• **Data supplied**
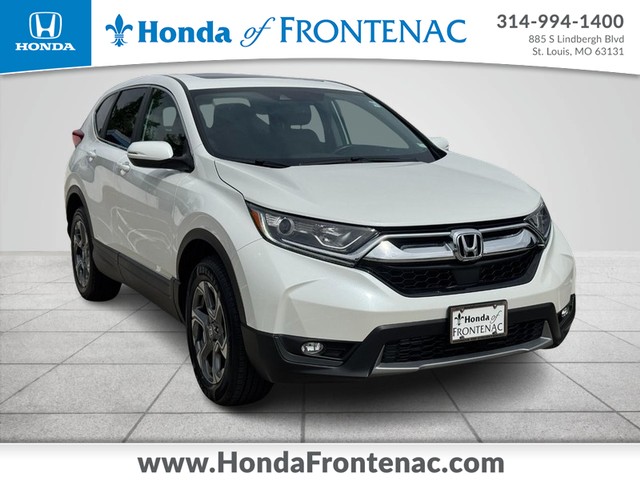St. Louis MO 2019 Honda CR-V more details - honda cr-v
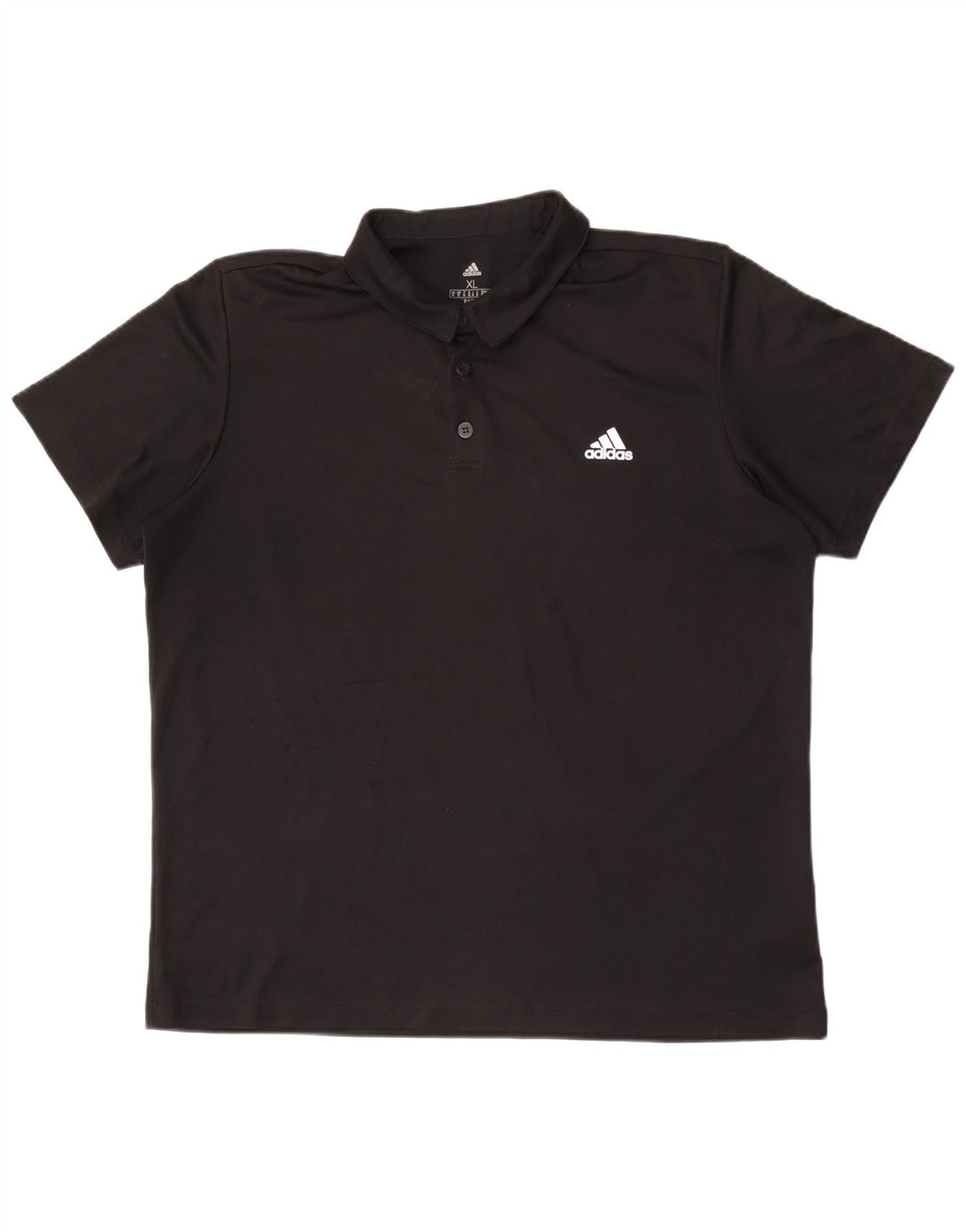 Adidas Ανδρικό Aeroready Πόλο Μπλουζάκι XL Μαύρο Πολυεστέρας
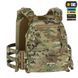 Плитоноска M-Tac Cuirass FAST Elite Gen.II, Black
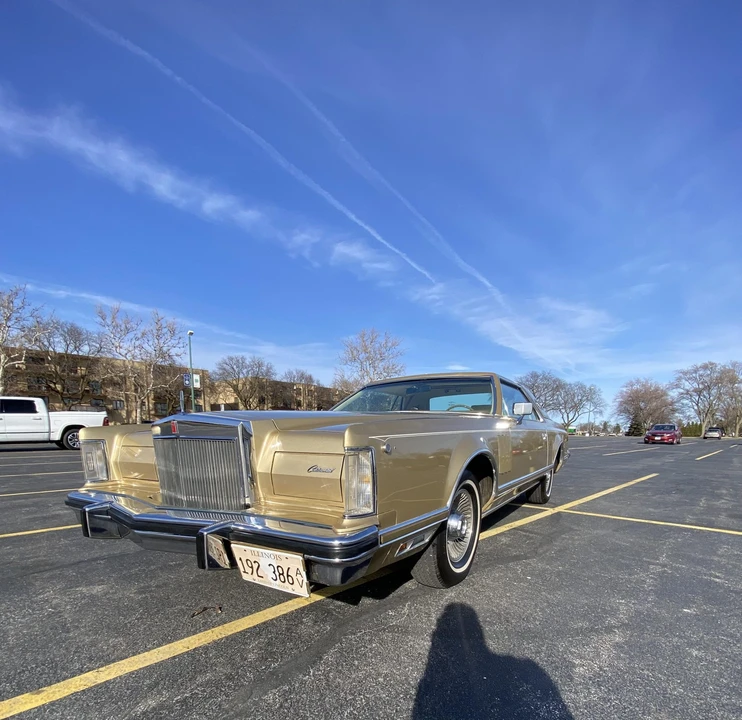 1979 Lincoln Continental Mark V - Image 4 of 31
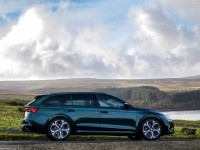 Skoda Octavia vRS Estate [UK] 2025 Longsleeve T-shirt #1598468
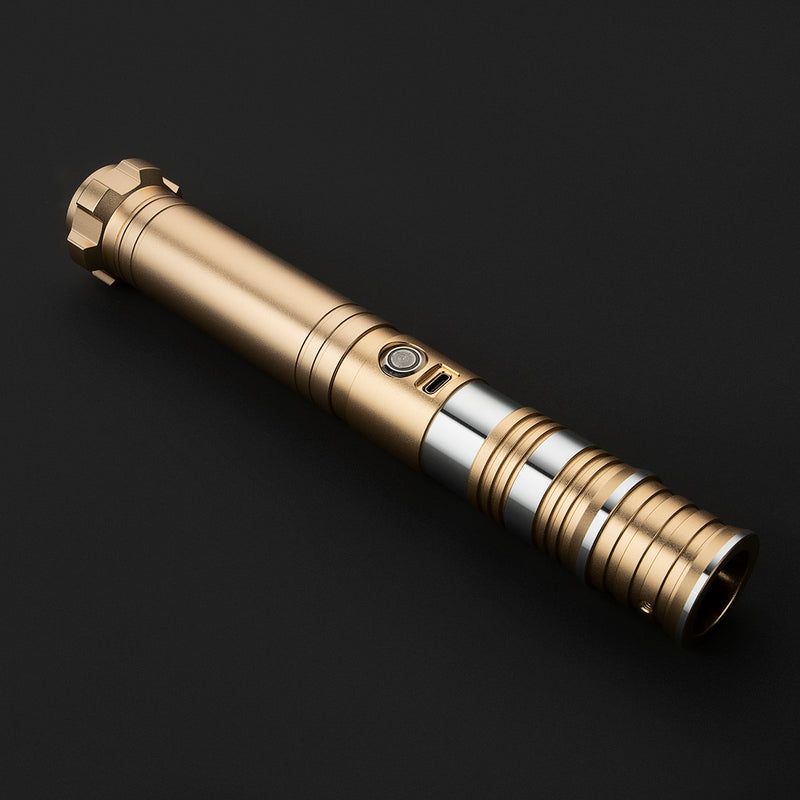 The Hollow lightsaber – view 21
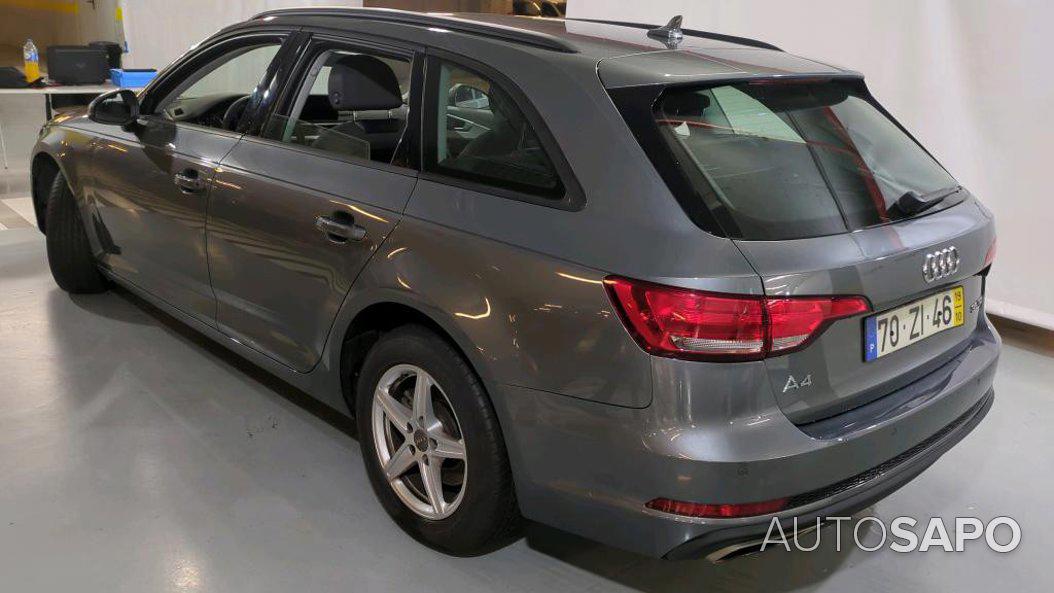 Audi A4 de 2019
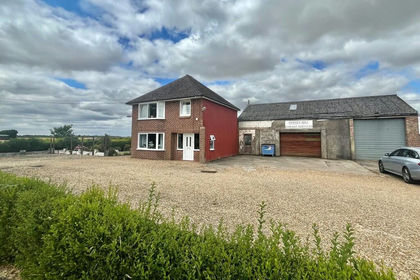 Building Plot for sale in Gedney Hill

• **Aim of the exercise**
Only one thing is required here: an exact copy of the lines from the one bearing "Audi A4 de 2019" through the final line above, both included, with pictures left out.

• **Answer for this exercise**
 Audi A4 de 2019
 Building Plot for sale in Gedney Hill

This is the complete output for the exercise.